**TASK BRIEF**. Pictures excluded, return every entry exactly, please.

INFORMATION GIVEN START

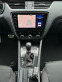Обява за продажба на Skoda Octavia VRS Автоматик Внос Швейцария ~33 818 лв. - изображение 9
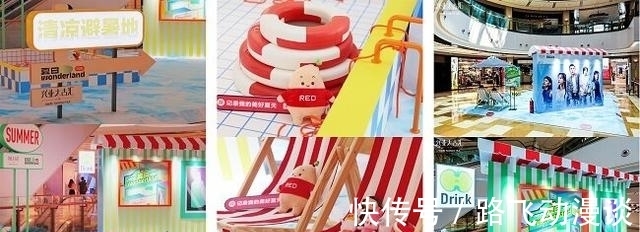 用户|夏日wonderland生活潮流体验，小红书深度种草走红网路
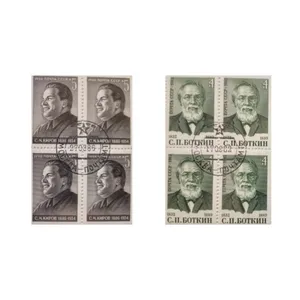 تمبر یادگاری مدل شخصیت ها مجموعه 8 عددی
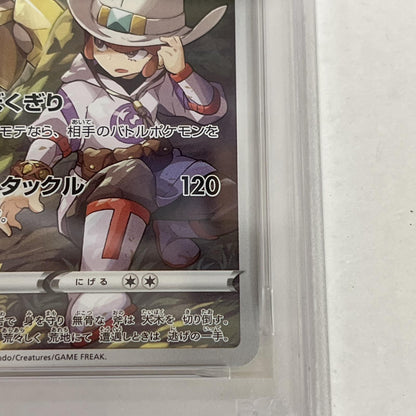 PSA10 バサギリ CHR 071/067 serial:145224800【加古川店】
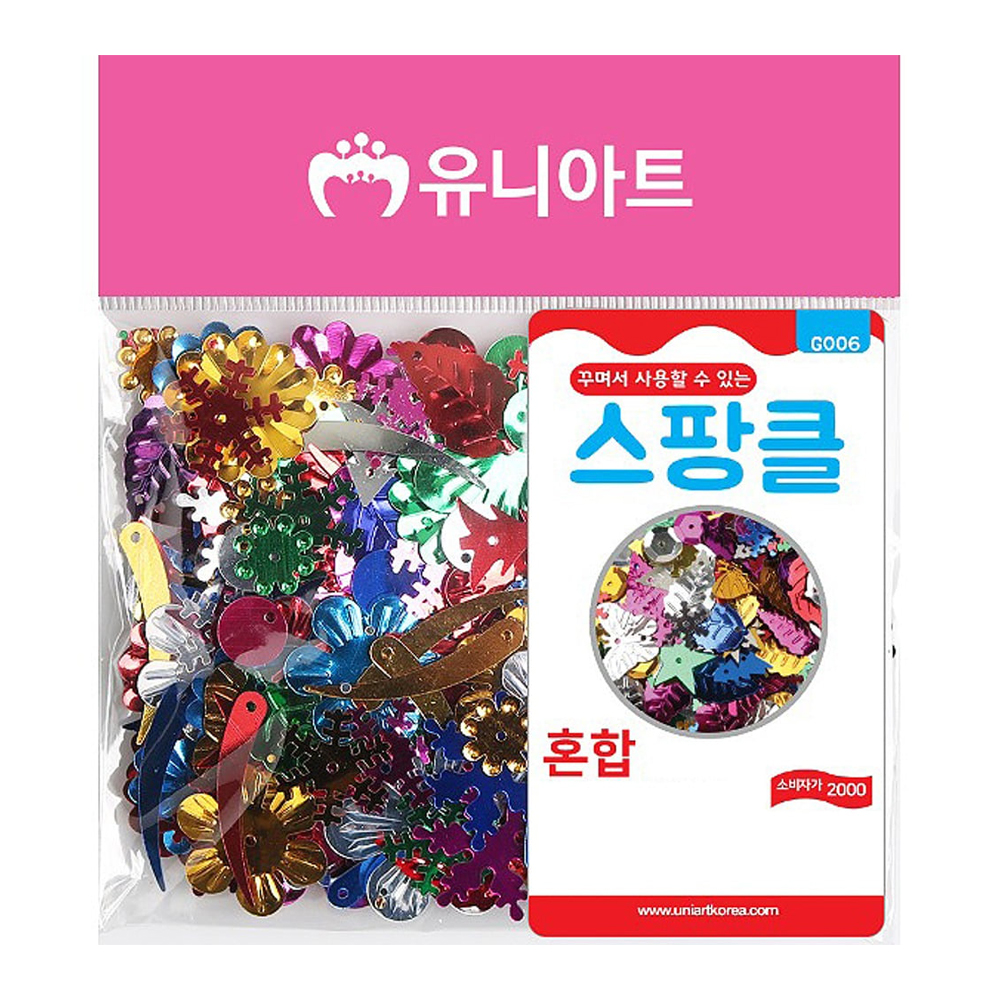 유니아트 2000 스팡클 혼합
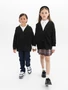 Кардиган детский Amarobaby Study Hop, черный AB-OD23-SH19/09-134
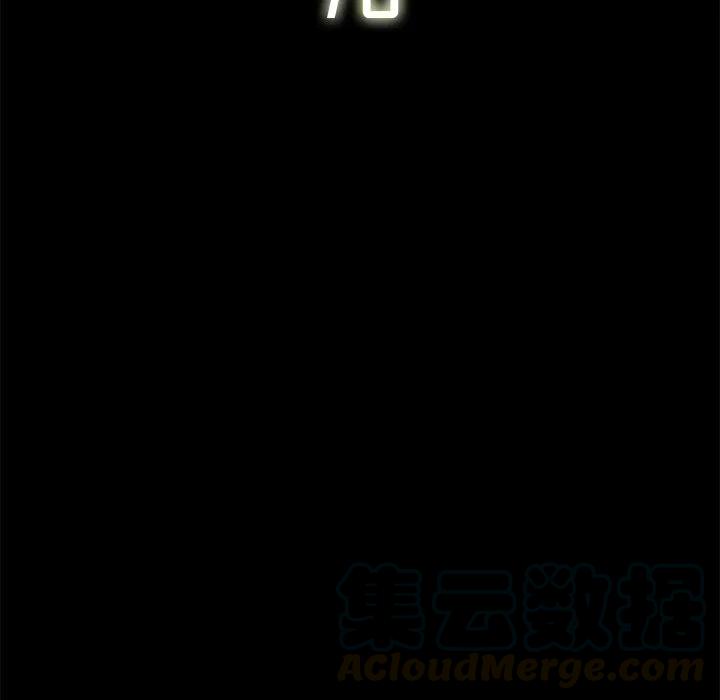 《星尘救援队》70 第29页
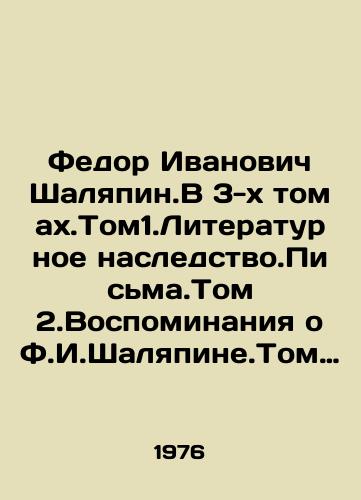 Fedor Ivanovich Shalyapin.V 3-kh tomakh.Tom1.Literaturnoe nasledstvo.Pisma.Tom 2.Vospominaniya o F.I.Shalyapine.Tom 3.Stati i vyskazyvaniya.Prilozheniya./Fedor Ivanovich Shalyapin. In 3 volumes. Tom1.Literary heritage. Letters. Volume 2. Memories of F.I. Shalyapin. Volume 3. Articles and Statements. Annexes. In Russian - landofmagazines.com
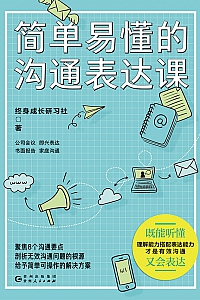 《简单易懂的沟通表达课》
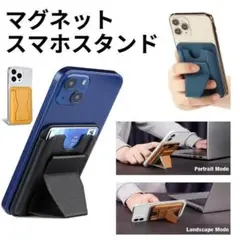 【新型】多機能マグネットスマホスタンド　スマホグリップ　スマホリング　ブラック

INFORMATION GIVEN END

**SOLUTION TO THE PROBLEM**.
Обява за продажба на Skoda Octavia VRS Автоматик Внос Швейцария ~33 818 лв. - изображение 9
 用户|夏日wonderland生活潮流体验，小红书深度种草走红网路
 تمبر یادگاری مدل شخصیت ها مجموعه 8 عددی
 PSA10 バサギリ CHR 071/067 serial:145224800【加古川店】
 유니아트 2000 스팡클 혼합
 Кардиган детский Amarobaby Study Hop, черный AB-OD23-SH19/09-134
 《星尘救援队》70 第29页
 Fedor Ivanovich Shalyapin.V 3-kh tomakh.Tom1.Literaturnoe nasledstvo.Pisma.Tom 2.Vospominaniya o F.I.Shalyapine.Tom 3.Stati i vyskazyvaniya.Prilozheniya./Fedor Ivanovich Shalyapin. In 3 volumes. Tom1.Literary heritage. Letters. Volume 2. Memories of F.I. Shalyapin. Volume 3. Articles and Statements. Annexes. In Russian - landofmagazines.com
 《简单易懂的沟通表达课》
 【新型】多機能マグネットスマホスタンド　スマホグリップ　スマホリング　ブラック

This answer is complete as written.